Reputation: 318518
In a nodejs/express-based application I need to deal with GET requests which may contain umlauts encoded using the iso-8859-1 charset.
Unfortunately its querystring parser seems to handle only plain ASCII and UTF8:
> qs.parse('foo=bar&xyz=foo%20bar')
{ foo: 'bar', xyz: 'foo bar' } # works fine
> qs.parse('foo=bar&xyz=T%FCt%20T%FCt')
{ foo: 'bar', xyz: 'T%FCt%20T%FCt' } # iso-8859-1 breaks, should be "Tüt Tüt"
> qs.parse('foo=bar&xyz=m%C3%B6p')
{ foo: 'bar', xyz: 'möp' } # utf8 works fine
Is there a hidden option or another clean way to make this work with other charsets, too? The major problem with the default behaviour is that there is no way for me to know if there was a decoding error or not - after all, the input could have been something that simply decoded to something still looking like an urlencoded string.
Upvotes: 3
Views: 4211
Reputation: 140228
Well URL encoding should always be in UTF-8, other cases can be treated as encoding attack and just reject the request. There is no such thing as a non-utf8 character. I don't know why your application could get query strings in any encoding but you will be fine with browsers if you just use a charset header on your pages. For API requests or whatever, you can specify UTF-8 and reject invalid UTF-8 as Bad Request.
If you really mean ISO-8859-1, then it's very simple because the bytes match unicode code points exactly.

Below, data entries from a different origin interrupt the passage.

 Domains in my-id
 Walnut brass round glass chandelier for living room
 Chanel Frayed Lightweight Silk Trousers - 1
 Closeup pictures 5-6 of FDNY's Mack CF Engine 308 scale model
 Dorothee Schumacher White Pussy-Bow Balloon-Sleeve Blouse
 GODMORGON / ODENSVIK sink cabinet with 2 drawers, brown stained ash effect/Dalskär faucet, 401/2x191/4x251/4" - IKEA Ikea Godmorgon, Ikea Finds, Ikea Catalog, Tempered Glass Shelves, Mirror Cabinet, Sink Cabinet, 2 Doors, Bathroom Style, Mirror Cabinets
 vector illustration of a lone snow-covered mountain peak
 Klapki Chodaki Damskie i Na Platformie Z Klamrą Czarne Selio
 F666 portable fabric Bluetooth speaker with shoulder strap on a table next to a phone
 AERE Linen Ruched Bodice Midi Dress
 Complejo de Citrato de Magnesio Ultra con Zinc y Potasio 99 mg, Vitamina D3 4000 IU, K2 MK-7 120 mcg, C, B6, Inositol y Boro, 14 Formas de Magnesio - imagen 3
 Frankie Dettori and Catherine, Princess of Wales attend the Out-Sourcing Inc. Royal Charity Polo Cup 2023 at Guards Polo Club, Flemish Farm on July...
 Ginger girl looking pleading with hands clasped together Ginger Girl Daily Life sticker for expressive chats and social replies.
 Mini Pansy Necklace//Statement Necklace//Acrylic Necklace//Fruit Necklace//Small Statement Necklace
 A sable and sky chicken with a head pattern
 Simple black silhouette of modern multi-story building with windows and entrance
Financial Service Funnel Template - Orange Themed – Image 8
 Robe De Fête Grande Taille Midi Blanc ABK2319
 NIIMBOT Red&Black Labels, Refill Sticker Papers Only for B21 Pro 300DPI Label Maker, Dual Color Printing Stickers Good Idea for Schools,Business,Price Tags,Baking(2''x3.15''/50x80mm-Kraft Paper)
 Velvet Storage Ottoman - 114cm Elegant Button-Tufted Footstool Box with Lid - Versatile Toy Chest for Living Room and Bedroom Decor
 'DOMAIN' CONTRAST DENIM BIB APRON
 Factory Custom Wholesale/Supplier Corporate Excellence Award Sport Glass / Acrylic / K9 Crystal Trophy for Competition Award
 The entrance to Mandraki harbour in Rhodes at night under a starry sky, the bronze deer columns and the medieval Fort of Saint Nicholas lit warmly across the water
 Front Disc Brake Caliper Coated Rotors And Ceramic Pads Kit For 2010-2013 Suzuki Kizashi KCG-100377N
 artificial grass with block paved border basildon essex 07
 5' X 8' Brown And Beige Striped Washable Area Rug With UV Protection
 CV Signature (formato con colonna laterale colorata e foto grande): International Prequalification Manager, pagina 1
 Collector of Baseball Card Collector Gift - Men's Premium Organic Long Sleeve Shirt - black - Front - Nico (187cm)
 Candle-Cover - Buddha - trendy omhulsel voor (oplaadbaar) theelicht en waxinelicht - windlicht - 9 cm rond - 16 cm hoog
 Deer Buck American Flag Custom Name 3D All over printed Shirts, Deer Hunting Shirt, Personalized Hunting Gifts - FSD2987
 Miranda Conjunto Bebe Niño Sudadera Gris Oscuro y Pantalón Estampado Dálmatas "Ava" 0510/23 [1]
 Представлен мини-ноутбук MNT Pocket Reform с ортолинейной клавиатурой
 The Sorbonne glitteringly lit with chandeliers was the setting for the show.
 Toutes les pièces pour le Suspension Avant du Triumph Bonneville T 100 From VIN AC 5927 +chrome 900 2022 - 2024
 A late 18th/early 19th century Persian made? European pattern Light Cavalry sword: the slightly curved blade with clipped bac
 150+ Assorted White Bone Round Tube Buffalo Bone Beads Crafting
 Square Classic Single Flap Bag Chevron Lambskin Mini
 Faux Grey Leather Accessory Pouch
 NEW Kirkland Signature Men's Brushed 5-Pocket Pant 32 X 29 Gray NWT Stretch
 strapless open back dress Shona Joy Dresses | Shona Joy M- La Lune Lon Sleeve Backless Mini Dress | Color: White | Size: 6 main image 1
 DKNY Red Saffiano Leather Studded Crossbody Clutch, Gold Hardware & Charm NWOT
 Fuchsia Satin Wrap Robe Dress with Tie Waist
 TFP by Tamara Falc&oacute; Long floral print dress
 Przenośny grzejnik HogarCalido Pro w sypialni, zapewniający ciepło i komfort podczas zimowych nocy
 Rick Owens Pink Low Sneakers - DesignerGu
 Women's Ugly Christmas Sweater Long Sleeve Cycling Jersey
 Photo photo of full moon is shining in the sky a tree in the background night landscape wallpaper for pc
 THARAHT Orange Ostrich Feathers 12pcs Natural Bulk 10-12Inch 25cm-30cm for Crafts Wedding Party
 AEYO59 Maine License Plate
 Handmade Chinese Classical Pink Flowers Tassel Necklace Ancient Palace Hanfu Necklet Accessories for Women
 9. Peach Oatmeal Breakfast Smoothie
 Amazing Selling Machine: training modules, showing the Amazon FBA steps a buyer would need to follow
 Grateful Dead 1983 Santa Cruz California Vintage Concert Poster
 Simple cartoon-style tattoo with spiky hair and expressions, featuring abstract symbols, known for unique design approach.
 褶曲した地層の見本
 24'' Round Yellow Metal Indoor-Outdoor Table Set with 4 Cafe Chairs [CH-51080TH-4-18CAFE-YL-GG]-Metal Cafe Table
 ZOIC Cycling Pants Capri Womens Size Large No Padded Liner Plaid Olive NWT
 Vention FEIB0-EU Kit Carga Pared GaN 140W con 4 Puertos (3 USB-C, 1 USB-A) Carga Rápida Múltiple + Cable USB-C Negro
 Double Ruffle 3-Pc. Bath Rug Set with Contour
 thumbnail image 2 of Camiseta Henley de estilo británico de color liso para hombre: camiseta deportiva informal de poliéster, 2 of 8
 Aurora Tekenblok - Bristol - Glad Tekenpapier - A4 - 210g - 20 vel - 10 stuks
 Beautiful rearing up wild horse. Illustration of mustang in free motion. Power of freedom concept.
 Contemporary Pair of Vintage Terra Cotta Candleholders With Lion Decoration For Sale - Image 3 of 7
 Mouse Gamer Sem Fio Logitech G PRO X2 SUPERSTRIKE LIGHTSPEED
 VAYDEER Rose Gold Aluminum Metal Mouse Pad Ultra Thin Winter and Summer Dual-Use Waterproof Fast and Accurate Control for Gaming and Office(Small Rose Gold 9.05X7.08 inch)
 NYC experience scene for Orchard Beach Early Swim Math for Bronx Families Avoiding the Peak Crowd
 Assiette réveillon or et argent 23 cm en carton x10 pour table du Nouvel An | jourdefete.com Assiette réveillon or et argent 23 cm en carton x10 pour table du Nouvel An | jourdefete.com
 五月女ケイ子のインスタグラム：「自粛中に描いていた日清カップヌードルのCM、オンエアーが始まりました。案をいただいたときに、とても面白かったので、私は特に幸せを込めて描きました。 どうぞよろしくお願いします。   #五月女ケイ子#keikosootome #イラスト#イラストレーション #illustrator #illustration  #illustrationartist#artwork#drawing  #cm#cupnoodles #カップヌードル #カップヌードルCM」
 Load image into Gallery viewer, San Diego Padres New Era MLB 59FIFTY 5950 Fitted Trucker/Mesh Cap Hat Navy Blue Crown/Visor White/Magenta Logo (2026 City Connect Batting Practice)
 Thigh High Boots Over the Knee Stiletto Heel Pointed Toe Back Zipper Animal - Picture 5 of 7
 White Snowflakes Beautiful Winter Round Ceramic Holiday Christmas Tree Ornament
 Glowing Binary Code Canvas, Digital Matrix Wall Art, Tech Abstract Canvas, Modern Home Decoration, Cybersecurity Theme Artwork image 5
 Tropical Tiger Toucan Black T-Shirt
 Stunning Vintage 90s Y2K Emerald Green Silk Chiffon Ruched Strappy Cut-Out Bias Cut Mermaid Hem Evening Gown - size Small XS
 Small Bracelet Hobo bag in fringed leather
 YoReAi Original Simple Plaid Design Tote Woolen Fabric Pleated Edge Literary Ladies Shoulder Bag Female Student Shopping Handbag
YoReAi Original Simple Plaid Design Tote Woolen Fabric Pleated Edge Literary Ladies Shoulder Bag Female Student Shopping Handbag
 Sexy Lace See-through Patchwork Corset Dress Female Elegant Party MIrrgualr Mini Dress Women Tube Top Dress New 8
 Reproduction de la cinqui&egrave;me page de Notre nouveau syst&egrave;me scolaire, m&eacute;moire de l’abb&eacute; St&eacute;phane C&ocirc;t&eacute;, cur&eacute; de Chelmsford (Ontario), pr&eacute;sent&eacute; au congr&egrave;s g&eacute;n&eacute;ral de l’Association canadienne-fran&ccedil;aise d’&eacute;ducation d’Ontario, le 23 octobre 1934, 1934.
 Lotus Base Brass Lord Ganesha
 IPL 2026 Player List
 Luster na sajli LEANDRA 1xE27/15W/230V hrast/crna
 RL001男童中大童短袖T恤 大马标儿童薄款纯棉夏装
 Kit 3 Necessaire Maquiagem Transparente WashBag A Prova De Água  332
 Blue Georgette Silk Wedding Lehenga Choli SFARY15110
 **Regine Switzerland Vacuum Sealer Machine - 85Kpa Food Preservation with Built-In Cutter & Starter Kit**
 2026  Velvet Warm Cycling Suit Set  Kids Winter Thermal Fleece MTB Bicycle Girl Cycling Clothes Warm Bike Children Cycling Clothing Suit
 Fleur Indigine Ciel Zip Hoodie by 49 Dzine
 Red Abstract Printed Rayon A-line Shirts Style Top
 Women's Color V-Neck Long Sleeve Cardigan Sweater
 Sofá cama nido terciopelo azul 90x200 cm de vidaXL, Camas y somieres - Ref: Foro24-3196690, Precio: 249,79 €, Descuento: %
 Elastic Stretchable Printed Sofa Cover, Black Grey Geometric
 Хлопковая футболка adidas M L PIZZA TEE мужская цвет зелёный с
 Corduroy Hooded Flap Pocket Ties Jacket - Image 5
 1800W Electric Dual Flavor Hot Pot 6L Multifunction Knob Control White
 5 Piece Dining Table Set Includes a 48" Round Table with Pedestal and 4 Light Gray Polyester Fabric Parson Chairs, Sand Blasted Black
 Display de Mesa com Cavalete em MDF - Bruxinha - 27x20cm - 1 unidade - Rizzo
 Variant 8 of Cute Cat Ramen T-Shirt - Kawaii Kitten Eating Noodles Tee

'T%FCt%20T%FCt'.replace( /%([a-f0-9]{2})/gi, function( f, m1 ) {
return String.fromCharCode(parseInt(m1, 16));
});
Although it is probably never ISO-8859-1 on the web but Windows-1252 actually.
Upvotes: 1
Reputation: 35829
Maybe node-iconv is a solution. Do you know before hand which encoding is used?
var qs = require('qs');
var Buffer = require('buffer').Buffer;
var Iconv = require('iconv').Iconv;
var parsed = qs.parse('foo=bar&xyz=T%FCt%20T%FCt');
var iconv = new Iconv('ISO-8859-1', 'UTF-8');
var buffer = iconv.convert(parsed.xyz);
var xyz = buffer.toString();
Upvotes: 0